Activity: Give the number of lines in the listing that contain the word "short", and nothing besides.

Task inputs:
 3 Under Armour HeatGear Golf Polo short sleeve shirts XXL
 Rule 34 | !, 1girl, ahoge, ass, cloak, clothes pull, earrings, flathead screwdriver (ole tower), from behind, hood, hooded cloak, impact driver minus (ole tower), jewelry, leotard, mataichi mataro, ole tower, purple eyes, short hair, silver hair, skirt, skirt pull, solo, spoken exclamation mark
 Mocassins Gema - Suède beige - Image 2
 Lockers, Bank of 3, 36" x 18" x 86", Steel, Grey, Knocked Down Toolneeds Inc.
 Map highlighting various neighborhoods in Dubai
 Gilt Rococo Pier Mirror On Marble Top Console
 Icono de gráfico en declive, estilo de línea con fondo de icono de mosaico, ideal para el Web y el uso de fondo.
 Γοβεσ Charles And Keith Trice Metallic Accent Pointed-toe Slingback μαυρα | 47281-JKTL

---

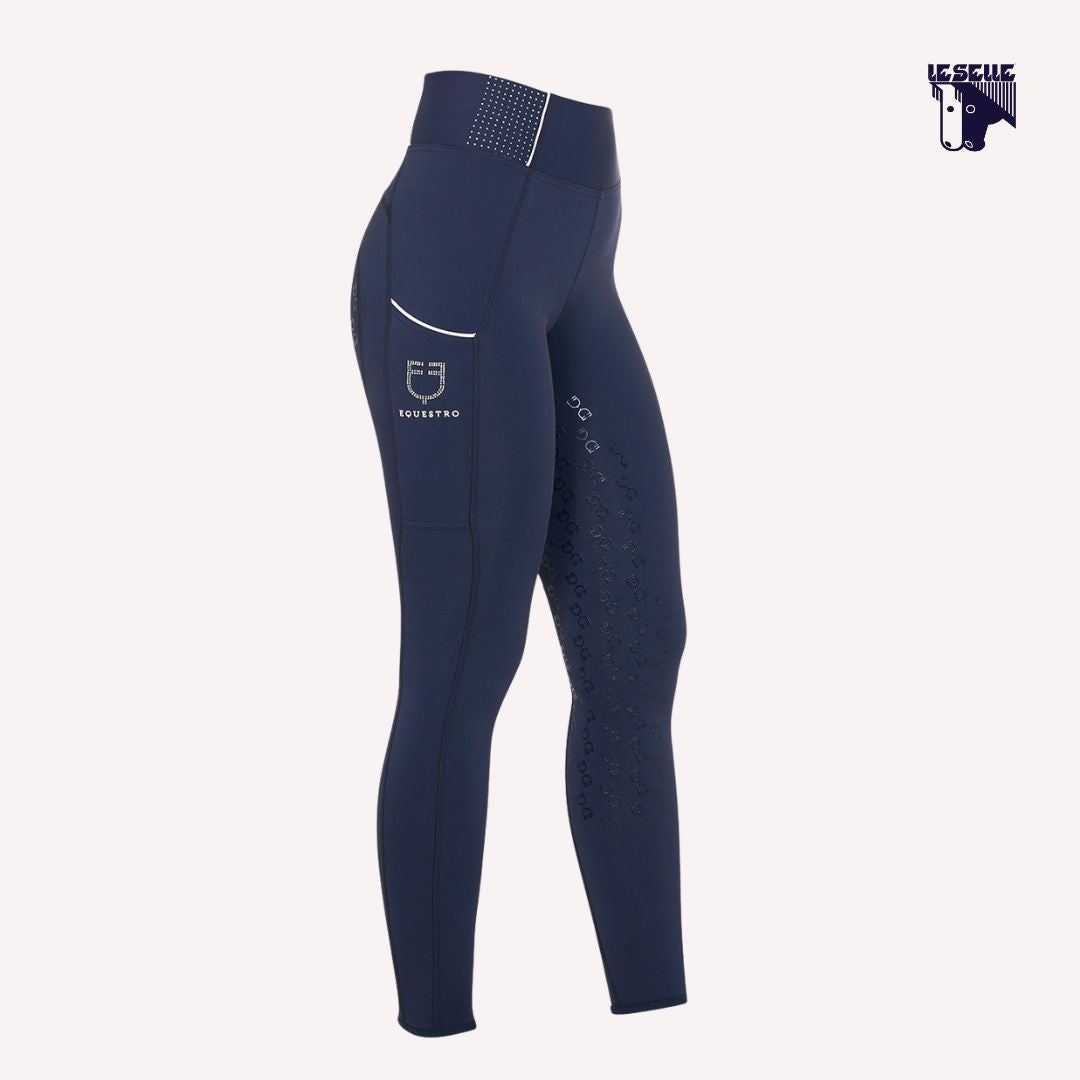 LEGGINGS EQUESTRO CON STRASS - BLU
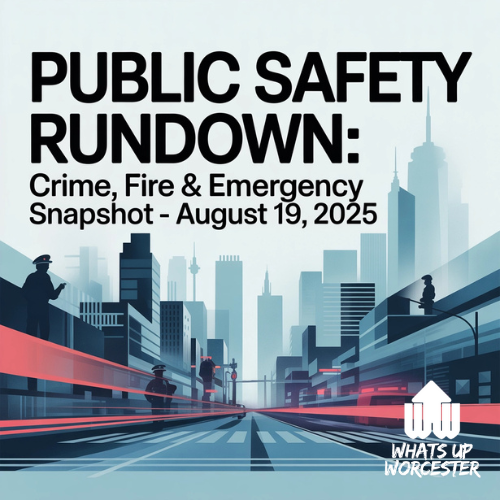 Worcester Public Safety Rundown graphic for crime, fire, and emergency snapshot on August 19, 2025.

Answer area: 2